Segment Open

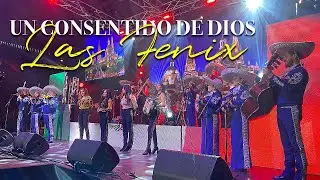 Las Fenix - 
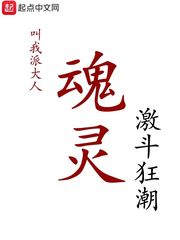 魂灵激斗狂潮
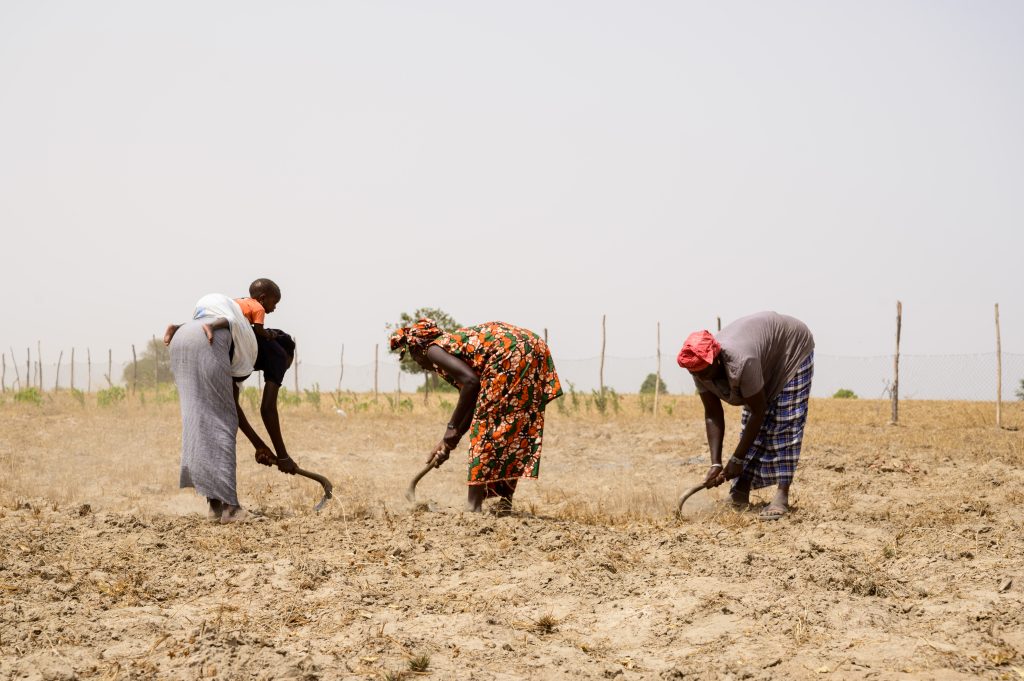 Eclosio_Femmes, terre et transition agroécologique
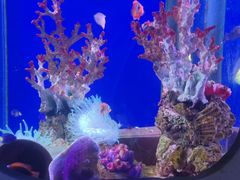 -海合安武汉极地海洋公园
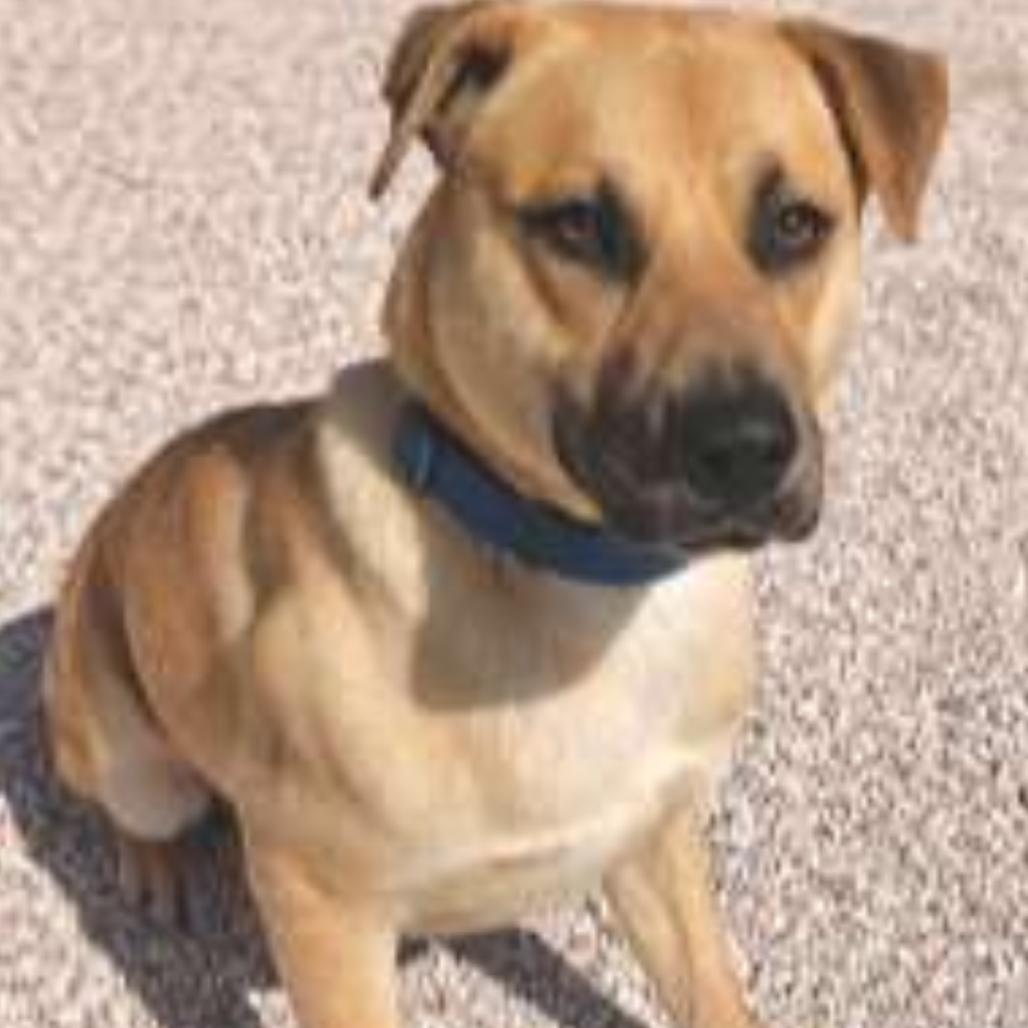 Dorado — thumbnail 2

Segment Closed

Drop every picture from the data, then output all the rest exactly.

 Las Fenix - 
 魂灵激斗狂潮
 Eclosio_Femmes, terre et transition agroécologique
 -海合安武汉极地海洋公园
 Dorado — thumbnail 2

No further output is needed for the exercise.